Bank established in India in 1824

The Calcutta Bank was a bank founded in the year 1824 in British India. The bank was the twelfth oldest bank in India.

The bank was merged with The Commercial Bank (1819) to form The Union Bank (1828) in 1828. The Union Bank itself became defunct in 1848.

== History ==

=== Founding ===

The bank was established in 1824 by the British agency house of Palmer and Company.

The bank played a major role in the early economic history of East Bengal and Bangladesh.

=== Management ===

Although the bank was largely a private bank, it enjoyed patronage from the then government of India, the East India Company.

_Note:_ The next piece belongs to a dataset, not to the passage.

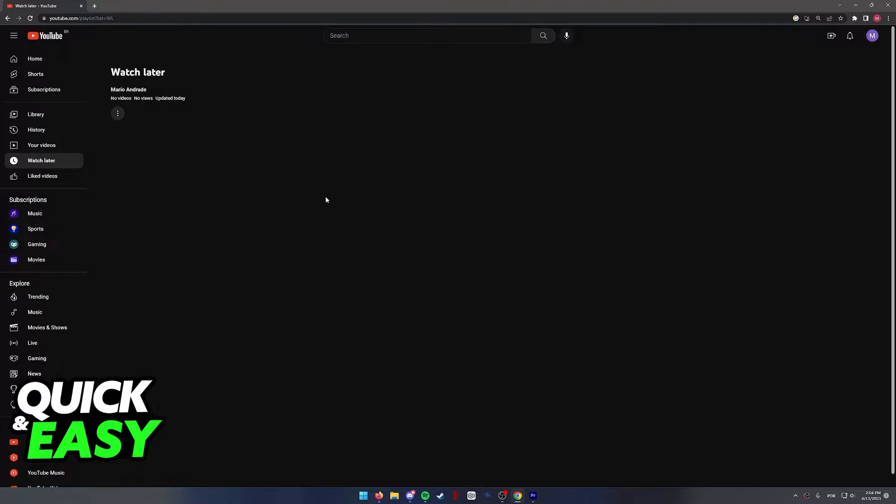Before I start showing you the process, I want to make a disclaimer and say that I am doing this process on my computer and not on an iPad. This is because, as of today, if you try to go to YouTube on your iPad and delete your channel from there,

The bank was staffed by mostly British nationals who were drawn mainly from the East India Company.

The bank had most of its offices and branches in East Bengal, which is the present day Bangladesh.

=== Final years ===

The bank lasted in business for only four years and was finally merged with The Commercial Bank (1819) to form The Union Bank (1828) in 1828. In 1828, there was an economic crisis which forced a Bank run on the bank and precipitated the merger with The Commercial Bank (1819) to form The Union Bank (1828) in 1828.

The bank also issued its own currency notes in its four years of existence.

The total value of the banknotes issued by the bank is estimated to be around Rupees 20 lakhs.

== Legacy ==

The bank is notable for being the twelfth oldest bank in India. It is also notable for being one of the first institutions in India to issue its own paper banknotes or currency notes.

The ability of private banks to issue their own currency notes was taken away by The Paper Currency Act, 1861.